White Material

France-Cameroon 2009, 109 mins
Director: Claire Denis

Claire Denis’ films aspire to a crystalline purity. Even when packed with the stuff of social and political unrest – war, murder, racial tension, unemployment, refugees, families in crisis – they give the sense of having dropped, in the course of their elaboration, whatever ‘message’ they may have intended at the outset. What remains, in the end, is a cryptic diagram of bodies and desires, environments and landscapes, confrontations and evasions, things said and unsaid. At its best (Beau Travail, Vendredi soir, 35 Shots of Rum), Denis’ cinema is compelling in its skeletal purity, beckoning viewers to enter the work and fill the gaps with their own imaginations.

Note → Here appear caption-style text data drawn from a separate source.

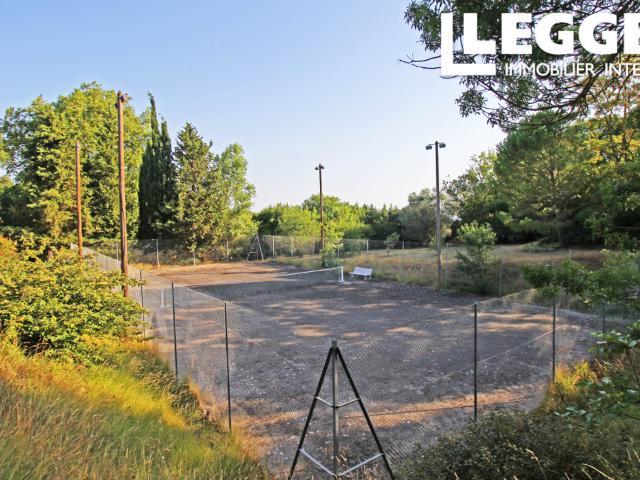 Villa de 4 chambres avec grande terrasse, piscine, terrain de tennis et plus de 2 hectares de terrain à Laurac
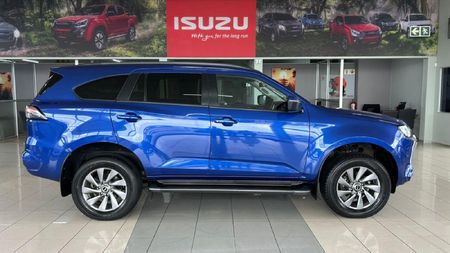 2024-Isuzu-Mu-x-30D-LS-4x4-Auto_6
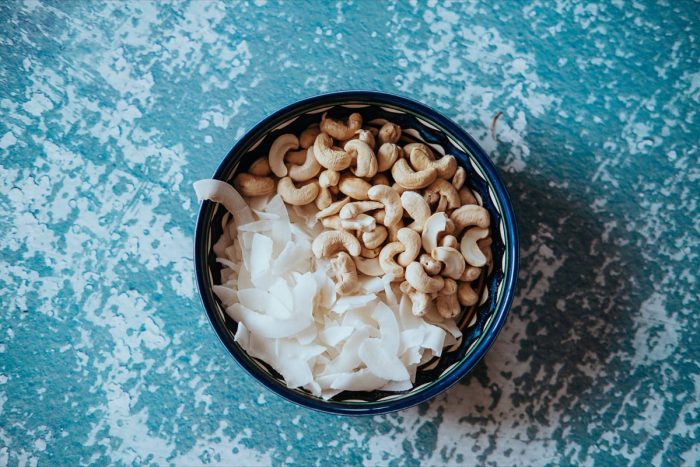 Suroviny na domácí máslo z kešu s kokosem - pouze kokos, kešu ořechy a sůl.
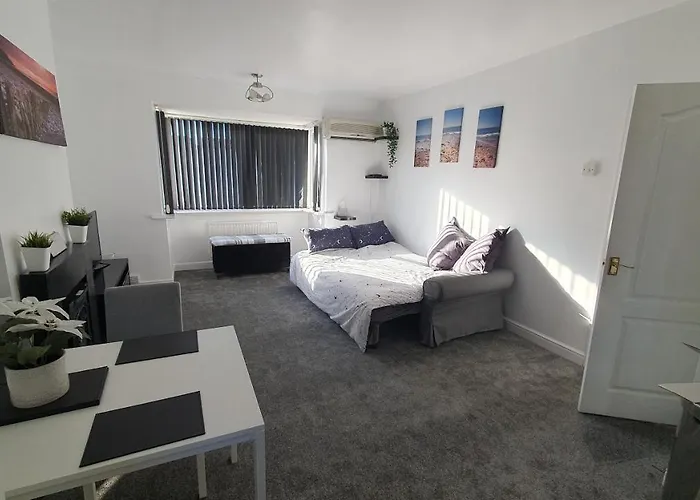 Seaside 2 Bed Flat Sleeps 6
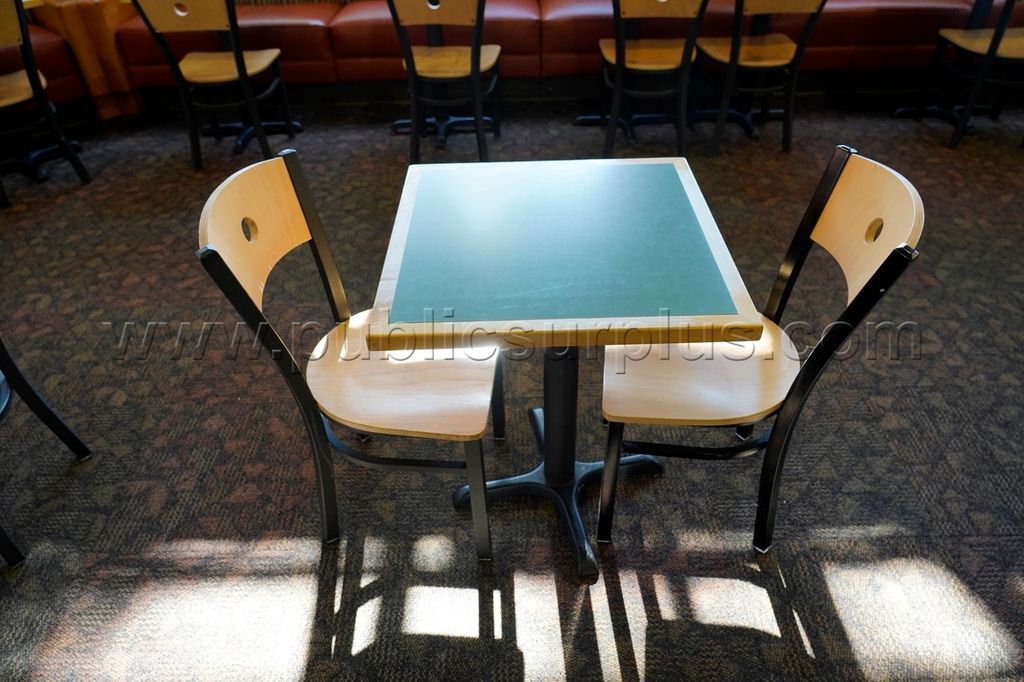 (1) Table (2) Chairs — photo 1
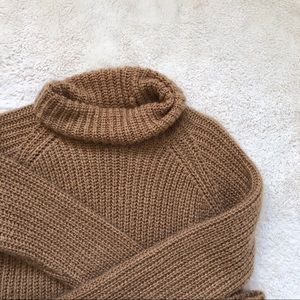 Forever 21 Camel Knitted Turtleneck ✨✨✨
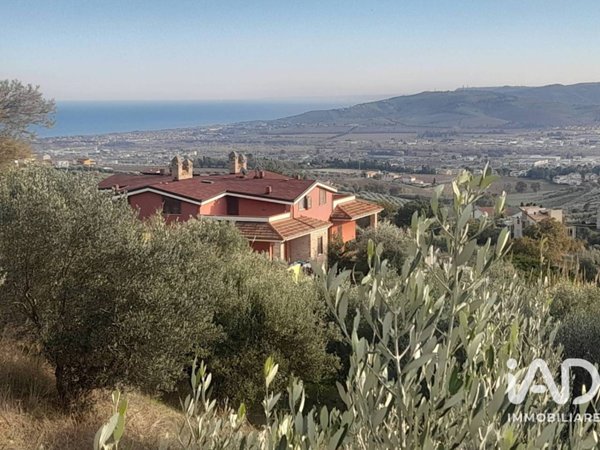 casa indipendente in vendita a Roseto degli Abruzzi in zona Montepagano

White Material is at once an extremely physical and utterly abstract political melodrama. Working for the first time with novelist Marie N’Diaye rather than her usual script collaborator Jean-Pol Fargeau, Denis deliberately leaves obscure the exact year in which the action unfolds, or even the precise location in Africa. The situation that is so vividly sketched here – rebels versus militia, as workaday citizens flee for their lives and are often caught in the crossfire – would appear to be an amalgam of many moments in contemporary history: Rwanda, Angola, Indonesia… The conflict is, to use a much-abused word, universal; Denis aims for a level of generalised metaphor, but always through very precise, concrete details. She is careful, too, not to take sides, at least on the most obvious level of the dramatisation; only in fleeting moments like the final shot (when a soldier secretes the red beret which is the memoir-token of the rebel leader known as ‘the Boxer’) do we feel her natural sympathy for the rebels emerge.

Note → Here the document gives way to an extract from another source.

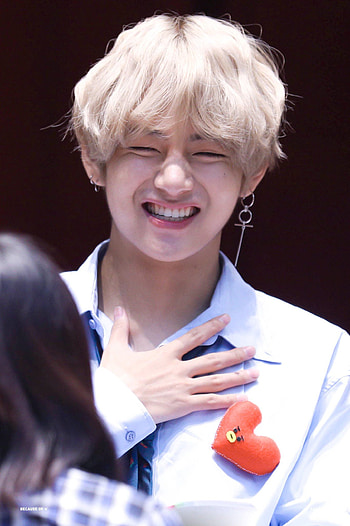 Bts, Taehyung - Kim Taehyung Box Smile -, BTS V HD phone wallpaper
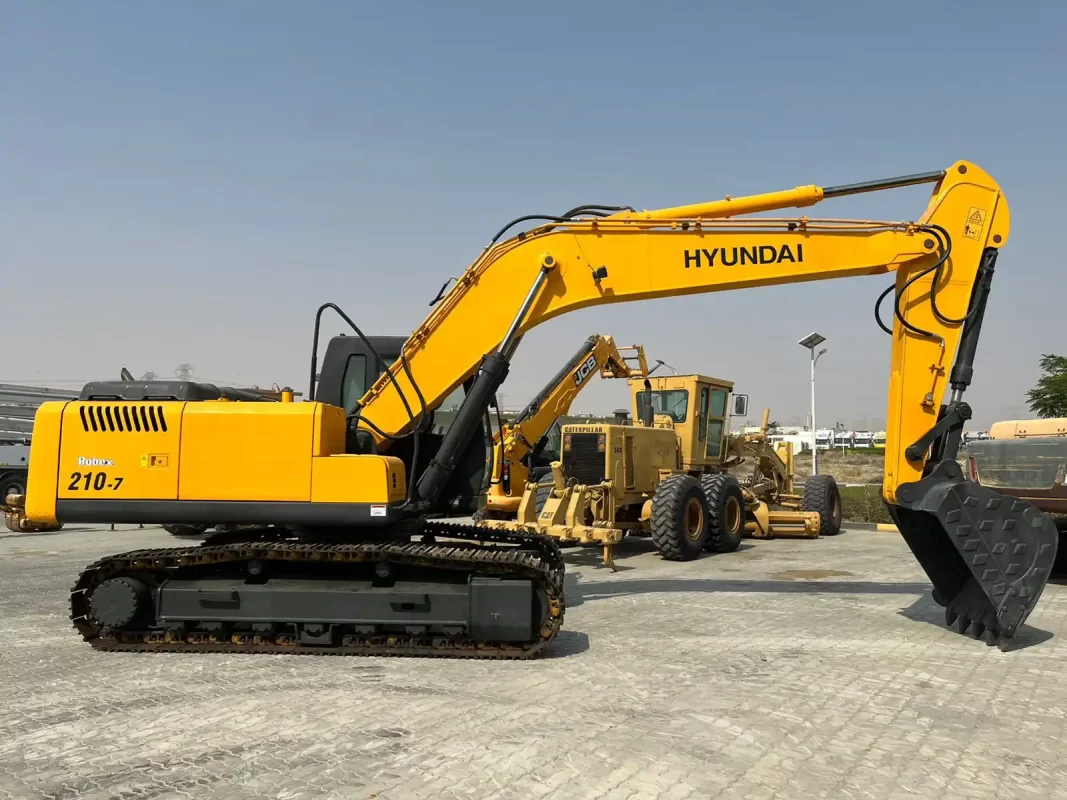 بیل مکانیکی هیوندای R210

Of course, Africa has special and specific significance for Denis, as announced by her debut feature Chocolat (1988), which took off from autobiographical experience. The continent’s culture and its transnational mutations form a constant presence and reference in her work. In White Material, as always, Denis takes an oblique rather than frontal angle; she truly puts the ‘post’ into post-colonial, as the primal scene of colonial encounter and trauma is never quite as intriguing to her as the often subtle aftershocks of a faded imperial expansion. Hence the story here – and certainly the power-play of white dominating black – is virtually over as soon as it begins, the ‘white material’ (the title refers to a cigarette lighter) already in tatters. We first see Maria (Isabelle Huppert) alone on a road, already divested of whatever colonial aura she once may have possessed, and from that point the action (such as it is) is a bleak body-countdown to total devastation. Yet the actual depiction of violence is restrained, unspectacular, almost Bressonian; blood doesn’t burst from sudden wounds, but seeps slowly through clothes, or is listlessly bathed in by children.

Maria might seem to be a distant relative of Bette Davis in any number of 1930s and ’40s melodramas, or of the heroine of Doris Lessing’s classic 1950 novel The Grass Is Singing, which Huppert initially wanted Denis to adapt. White Material focuses on Maria’s determination and perseverance, but it never romanticises her. Maria’s stubborn wilfulness and her blindness to the social situation around her – not to mention its horrible effects on everyone close to her – create a bubble around this character; instead of empathising with her, we are invited to take up a critical distance.

Curiously, the ultimate tone of the piece, at least on an intellectual plane, is closer to Richard Fleischer’s much-derided slavery epic Mandingo (1975) than it is to most melodramas centred on plucky women; in a Denis diagram, typically, we watch all the figures flail around inside the contradictions of their personal and social positions. An emblematic character, in this respect, is Maria’s father-in-law Henri (Michel Subor), who, while representing the imperial patriarch taking up space in a foreign land, is an oddly passive, even benign presence (frequently seen near-naked) who speaks of Africa as the only true home he has ever known; indeed, all references to France in the film conjure it as some ghostly, unimaginable, lost point of origin for these ‘white materials’.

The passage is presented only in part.